Moeten we de medicijnen toelaten? Moeten we doorgaan met behandelen als het voordeel van een medicijn een levensverlenging biedt van enkele weken of maanden? Veel van dit soort vragen wordt beantwoord door commissies en vaak is de patiënt het slachtoffer en geen deelgenoot aan de discussie. Ja, een advies vragen we haar wel, maar dat leggen we natuurlijk netjes naast ons neer.
De prijs die voor een leven betaald mag worden is de meest bizarre conclusie en aanbeveling. In 2006 waardeerde de Raad voor Volksgezondheid en Zorg (RVZ) een QALY (Quality Adjusted Life Year) op 80.000 euro. Een blunder van het zuiverste soort, want de farmaceutische industrie ging direct met haar prijzen voor kankermedicijnen in de buurt van dit bedrag zitten.

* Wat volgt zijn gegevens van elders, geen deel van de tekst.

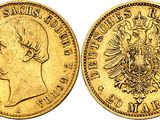 an image of a gold coin with the head of a woman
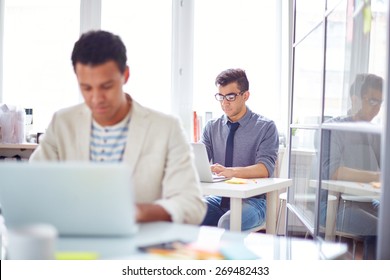 Male Employee Networking In Office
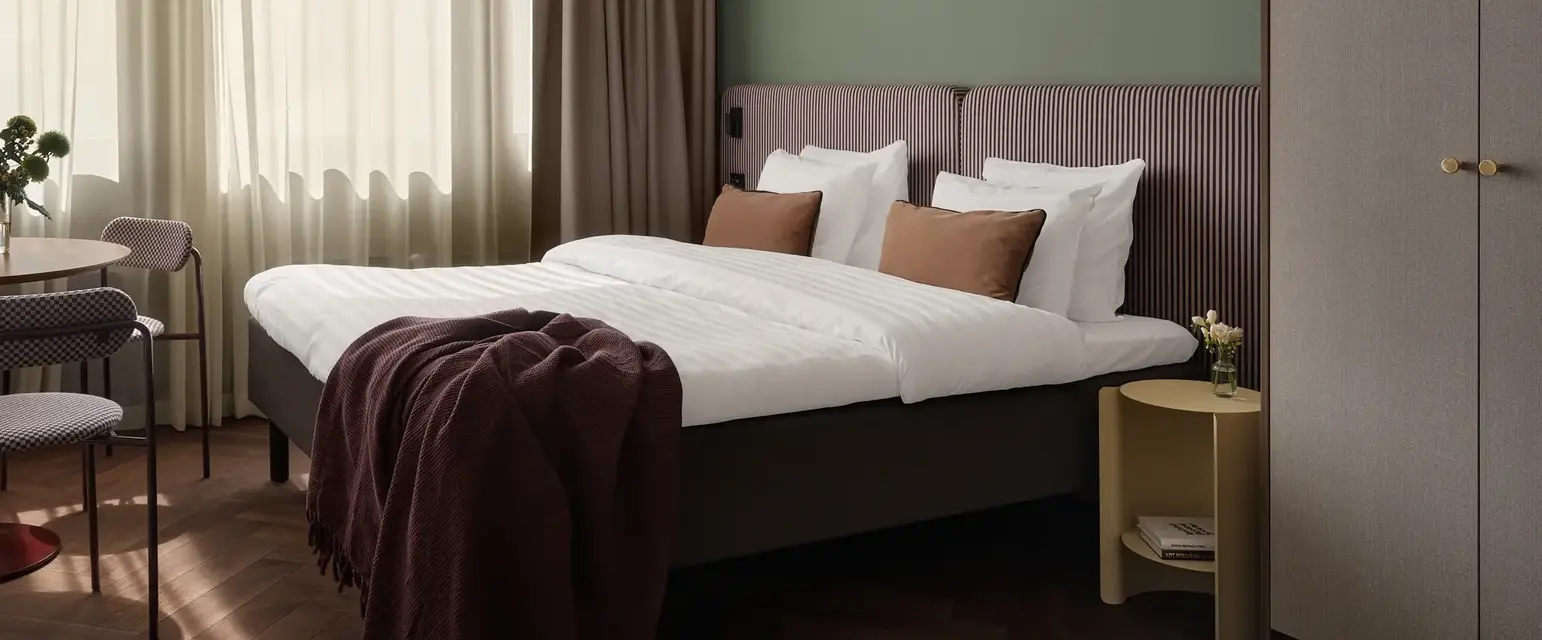 a bed with pillows and a blanket in a room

In zekere zin zou de patiënt zich niet druk hoeven maken over de kosten; de dokter moet het medicijn voorschrijven en de accountant lost de kosten maar op. De discussie die steeds maar weer oplaait dwingt ons echter deel te nemen. Zuiver en onafhankelijk. Want realiseert u zich dat veel patiëntenverenigingen geld ontvangen van de farmaceutische industrie en we weten: ‘Don’t bite the hand that feed’. Daarom zijn patiënten verenigingen niet altijd bereid de discussie te voeren met de industrie.

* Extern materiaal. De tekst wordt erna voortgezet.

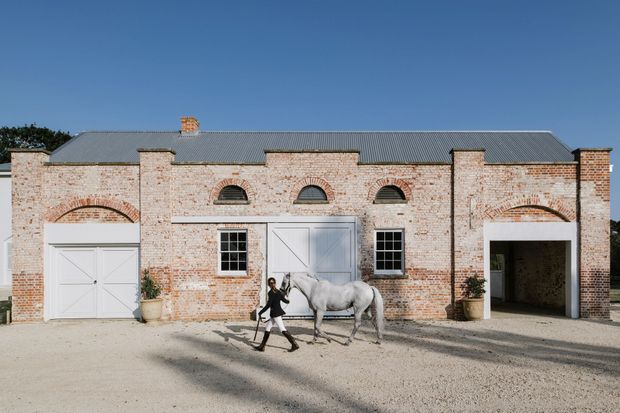 Front exterior view of a long, single-storey brick outbuilding or stable with a symmetrical facade, grey corrugated pitched roof, prominent brick pilasters, arched brick detailing, white doors and windows, and large garage-like openings. A horse and person are present in the forecourt, but the architecture is the primary subject.
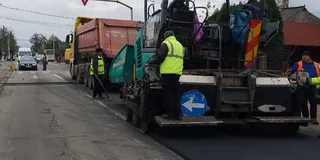 Un utilaj de asfaltare și un camion galben stau pe un drum, în timp ce lucrători în veste reflectorizante execută lucrări.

Hoe kan de minister het anders doen?
- Koop de generieke medicijnen in India. Zo is het kankermedicijn Glivec generisch en voor minder dan 10% van de kosten te koop in India. Dit bespaart tientallen miljoenen.
- Schakel over op ‘no cure no pay’. Waarom voor een medicijn betalen wanneer het niet werkt?
- Verbied dat patenten verlengd worden omdat het product gewijzigd is. Een patent heeft een looptijd en daarna moet het medicijn als generiek medicijn gekocht kunnen worden tegen een lage prijs.
- Onderzoek de mogelijkheden om gepatenteerde medicijnen voor een lagere prijs te kopen in India.
- De minister dient met haar collega’s in Europa voor de gehele markt de kankermedicijnen in te kopen.
- Dwing af dat de boeken van de farmaceutische industrie open gaan en we weten hoe de prijs tot stand komt.
- Verbiedt de financiering van patiëntenverenigingen door de industrie en financier ze vanuit de overheid.
Er zijn grote belangen bij het Medisch Industrieel Complex om de prijzen hoog te houden. Er wordt door de industrie veel aan verdiend en de afhankelijkheid van de farmaceutische industrie is groot. Onderzoeksinstituten, laboratoria, ziekenhuizen en patiëntenverenigingen krijgen grote sommen geld van deze industrie. De patiënt dreigt de dupe te worden, omdat de discussie omtrent de prijs niet naar de industrie, maar naar een beperktere toediening van de medicijnen dreigt te gaan. Dat kan en mag niet en er zijn uitstekende mogelijkheden om een beter op de patiënt gerichte oplossing te kiezen. Essentieel is dat onafhankelijke patient advocates bij de discussie en besluitvorming worden betrokken.